Manila: State prosecutors and the Anti-Money Laundering Council (AMLC) legal officers have secured the conviction of a compliance officer charged under Republic Act (RA) 9160, or the AML Act of 2001, for his role in the 2016 Bangladesh Bank heist, the Department of Justice (DOJ) said Thursday. In a news release, the DOJ said Anthony Pelejo, as a compliance officer of Philrem Service Corp., 'failed to keep records as mandated by law.'
According to Philippines News Agency, Philrem is a remittance agent duly registered with the Bangko Sentral ng Pilipinas (BSP) and is a covered institution under RA 9160. The DOJ said the BSP received in 2016 a request from the Governor of Bangladesh Bank to investigate several unauthorized payment instructions totaling USD81 million directed to Rizal Commercial Banking Corp. (RCBC).
The investigation showed that USD80.88 million was deposited into the RCBC bank account of William So Go, doing business under the name Centurytex Trading. 'Go made several fund transfers to the RCBC bank account of Philrem Service Corporation (PHILREM), and the latter further made several transfers to Bloomberry Resorts and Hotels, Inc. (Solaire), Eastern Hawaii Leisure Company, and Wei Kang Xu,' the DOJ said.
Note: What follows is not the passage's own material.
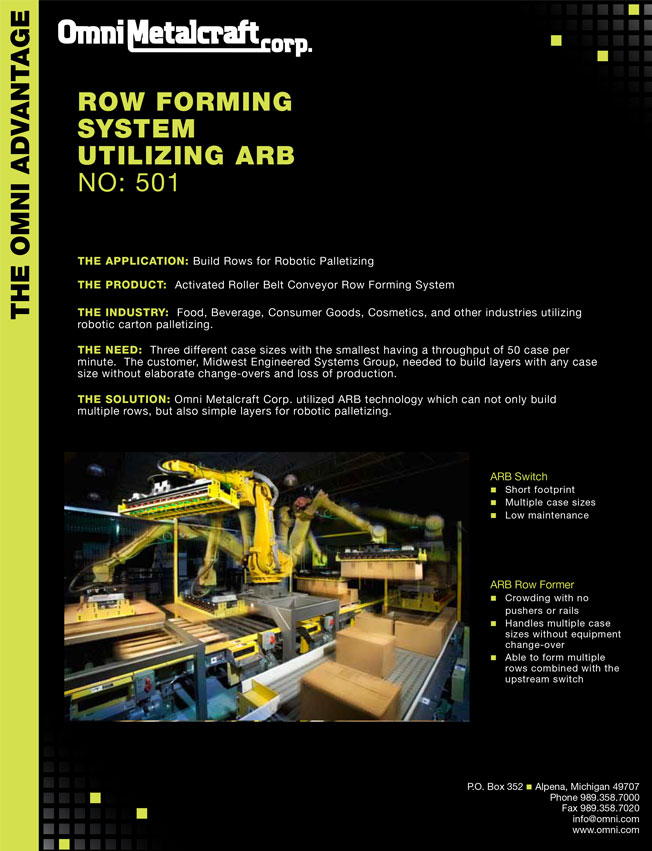 Row Forming System Utilizing ARB 501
Under RA 9160, covered institutions, such as Philrem, are required to maintain and store records of all transactions, including customer identification documents, for five years from the date of the transaction. 'The law does not provide for any exception relieving covered institutions of their obligation to maintain and store records on the ground that such information may be available with other banks or financial institutions. Philrem's failure to maintain customer identification records constitutes a clear violation of law,' the DOJ said.
The law provides a penalty of imprisonment of six months to one year, or a fine of not less than PHP100,000 but not more than PHP500,000, or both. This conviction, the DOJ said, is a first in Philippine law, where a compliance officer violated the mandatory record-keeping of a covered institution. 'Section 9 of RA 9160 mandates that covered institutions maintain client records for at least five (5) years and report covered or suspicious transactions to the Anti-Money Laundering Council. It requires strict customer identification (KYC) and imposes penalties for failure to keep records or for breaches of confidentiality,' it added.